At first, I endured a lot of ridicule for my choice; that it wasn’t an ethical weapon or that it was just a romantic notion and next to impossible. The argument of ethics was particularly interesting to me because that was exactly what had inspired me to pick up a traditional bow in the first place. I wanted to be skilled to take a deer. I wanted to have the victory hard won without any modern conveniences. In a society that increasingly seeks to remove discomfort and make every task easier, I wanted to break away from the crowd.
My family and friends are a prime example of how passion can be contagious. No one in my family had ever tried archery when I first picked up a bow, but that all changed quickly. Within a couple of years of seeing the joy I had in shooting; my dad bought a Holm longbow. And after borrowing one of my bows for a while, my brother now has a Black Widow he uses to hunt deer and target shoot.
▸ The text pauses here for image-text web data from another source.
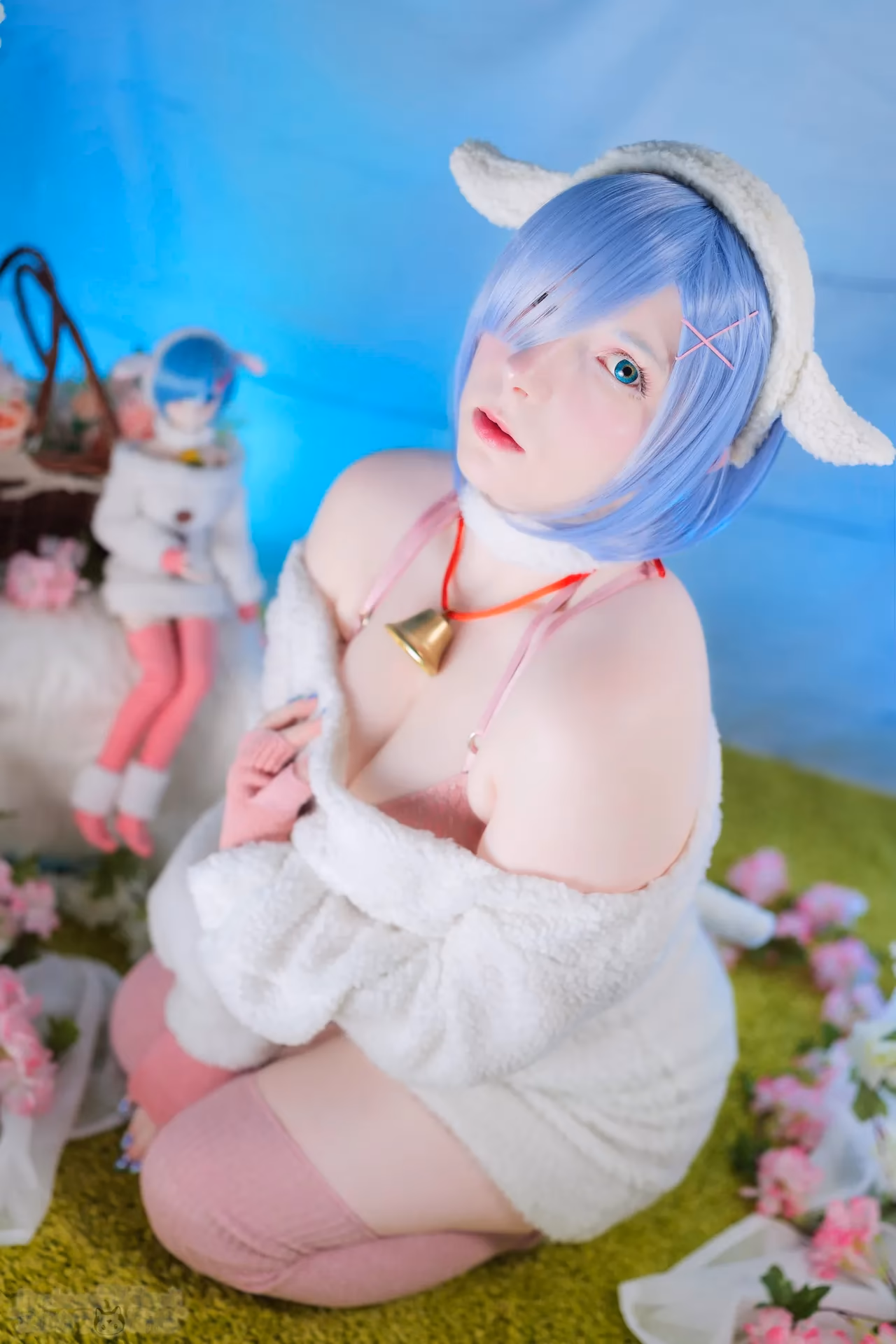 Erokawa Nekomi as Rem — cosplay photo 5 of 54
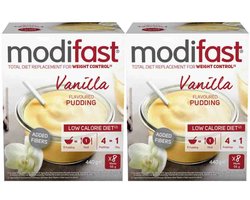 Modifast Intensive Pudding Vanille - 2 x 8 x 55 gr - Voordeelverpakking
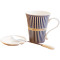Creative bone china cup with spoon cover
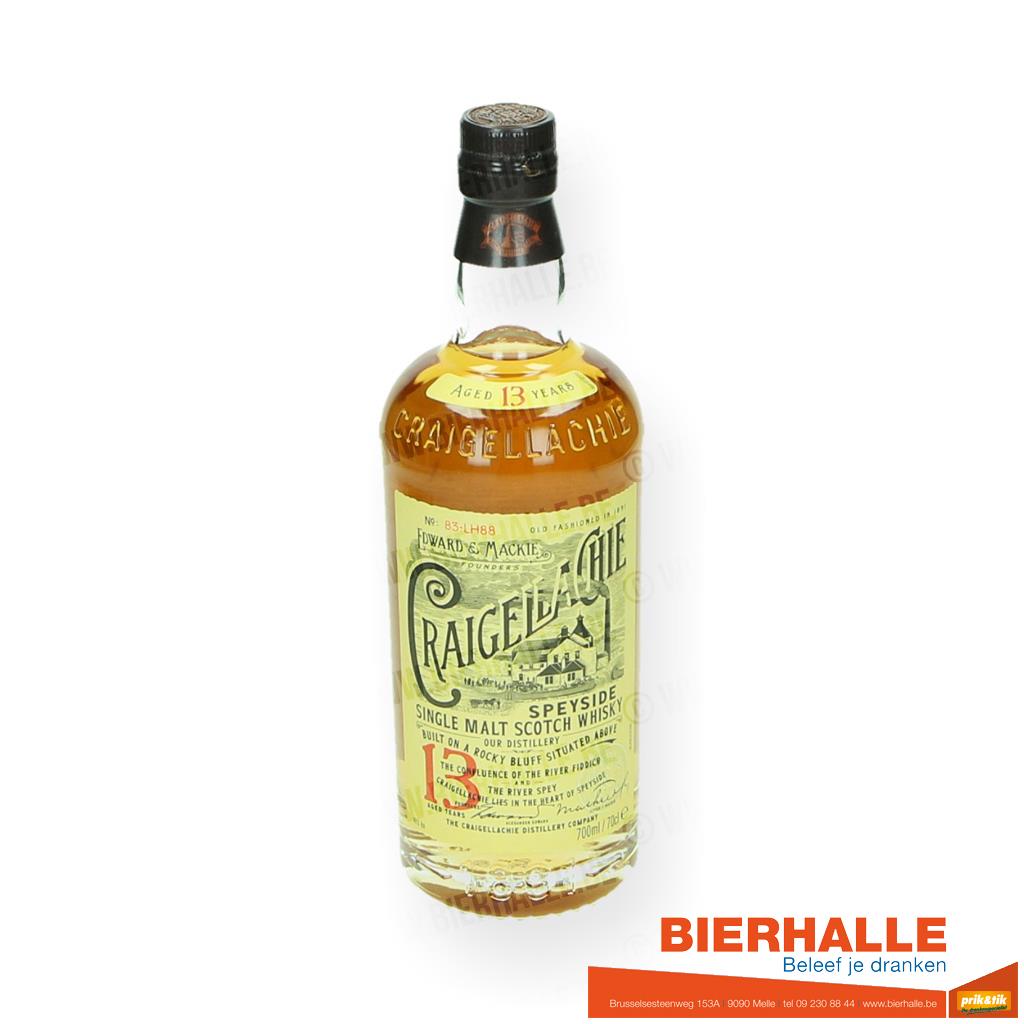 WHISKY CRAIGELLACHIE 13J 70CL 46%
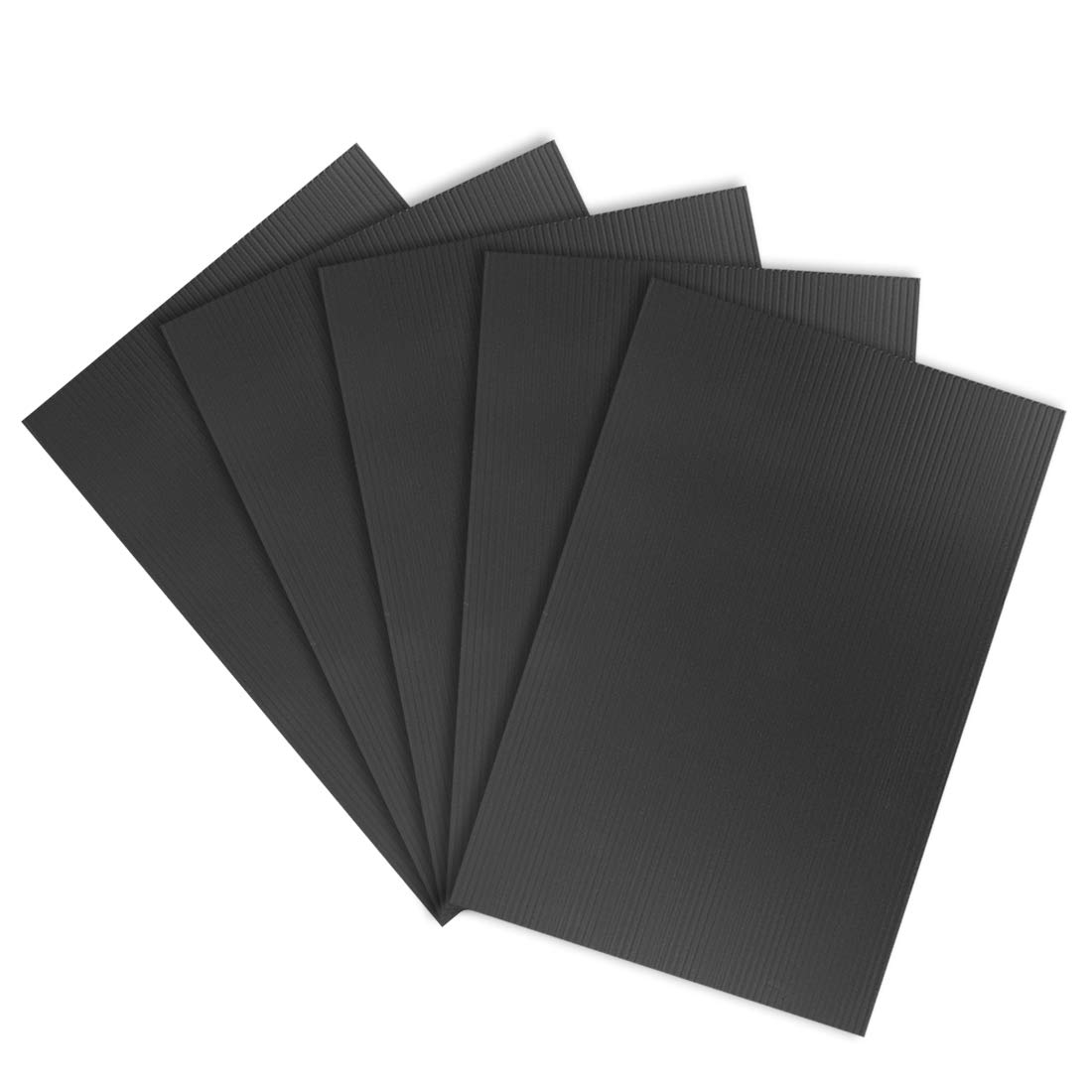 Photo 1 of uxcell Corrugated Plastic Sheets,3mm Black Blank Yard Lawn Signs,8 Inch x 12 Inch,Waterproof Sign Blank Board 5pcs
Countless friends now have a pastime that, before my incessant preaching, was not even on their radar. I make a practice of putting a bow into the hands of anyone who comes to my house. If they are physically able and if their interest is piqued, I do everything in my power to get them a bow of their own.
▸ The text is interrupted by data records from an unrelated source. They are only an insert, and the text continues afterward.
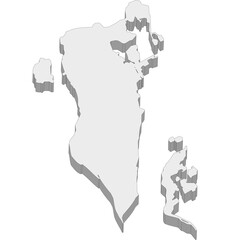 3D map dimension - continent Asia country Bahrain © badrpost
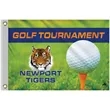 14" x 20" Single Reverse Golf Flag with Heading & Grommets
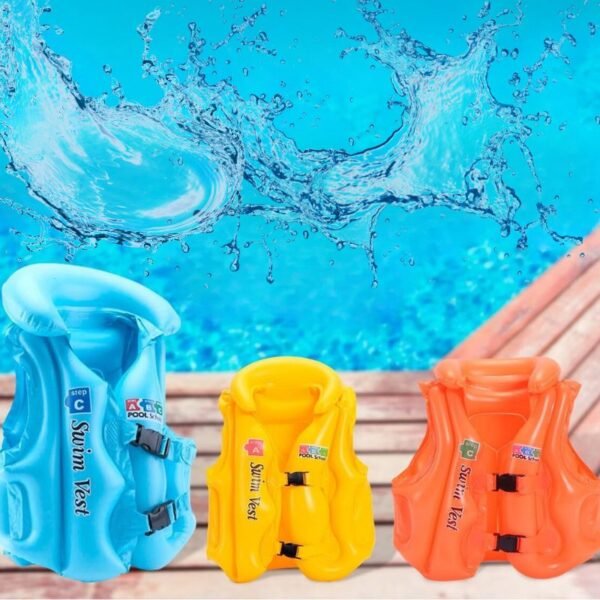 Chaleco inflable para piscina para niños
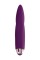 Фиолетовый клиторальный вибростимулятор FLO - 18,5 см.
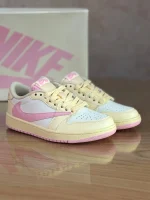 کتونی نایک Aj1x ترویس اسکات Shy Pink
However, the most successful convert to the traditional bowhunting world is my husband. Initially, he was as skeptical as everyone else had been. A former compound shooter, he didn’t think much about the efficiency or accuracy of shooting traditional tackle. I remember telling him that with a trad bow, it is the person who is accurate, not the bow. The compound, the firearm, the crossbow, they are weapons designed to take the ability for human error as far out of the equation as possible. He was dubious but enjoyed practicing with me and soon proved to be a very proficient archer. When my Achilles tendon ruptured in September of 2022 and effectively sidelined me for the season, I told him that I expected him to get a deer with my Black Widow PCH since I couldn’t be in the woods. I was half joking, but he took it very seriously.
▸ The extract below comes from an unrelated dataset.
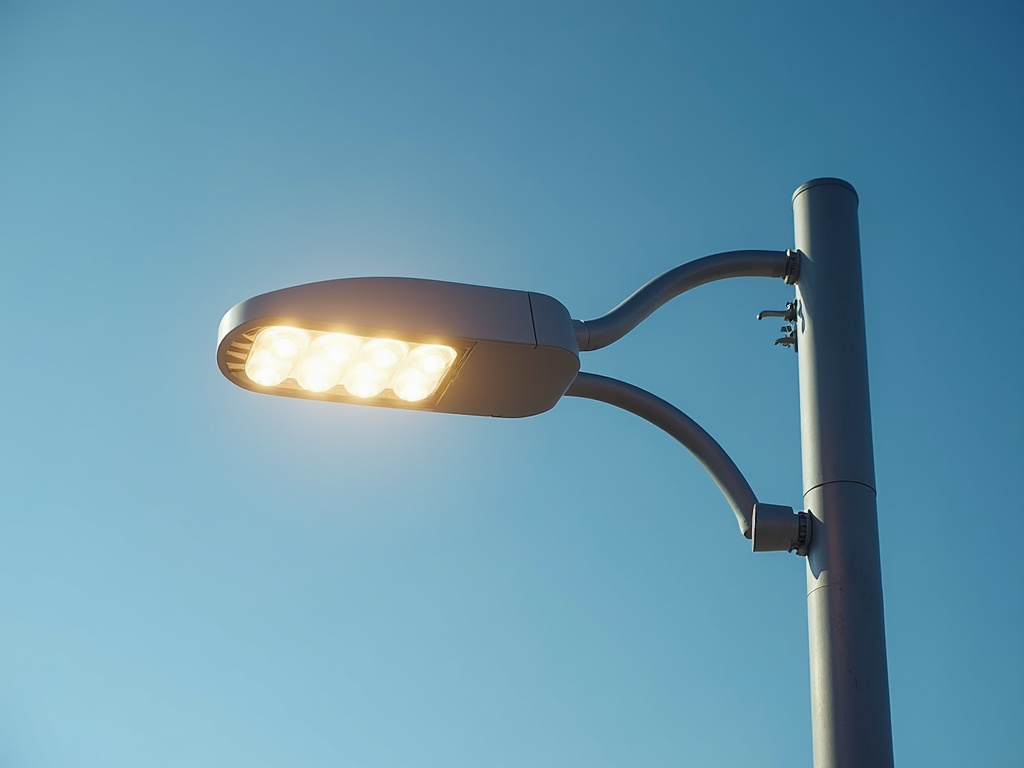 Led streetlight pole — off-grid infrastructure lighting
We spent every evening going over maps of our hunting area and I showed him where I had taken a doe the previous year and where they often bedded and came out to feed. He also did his own scouting and hunted diligently, heading straight to the stand after work for most of October and planning morning hunts for the days when he was home. Before hitting the woods on the morning of November 3rd, he shared his well-thought-out plan to take the long way in to avoid spooking anything or getting winded. I decided I would take my crutches down into our woods and sit on the edge with my longbow. My hunt was a complete bust, crutches and a non-weight bearing boot made me clumsy and loud.
“I shot something big. I’m coming to get you so you can help me trail it,” was the text I read after I saw a buck burst out of the woods in front of me. My disappointment over my own failed attempt was forgotten in the excitement of trying to hobble back to our house to help him trail his deer. Truthfully, I don’t know that I’ve ever been that excited over a deer I shot myself! He brought me to a walking 70-yard blood trail with a 10-point buck at the end, a beautiful animal with one perfect shot placed through him. My husband’s arrow did what it was made to do with skill and countless hours of practice making it fly true.
My journey into hunting, especially traditional bowhunting, is likely different than one would expect. Still, I am glad I didn’t let age, being a woman in a male-dominated sport, or limitations in knowledge stop me from pursuing hunting. I learned, I practiced, and most of all, I found it to be a bridge to building relationships with people I love.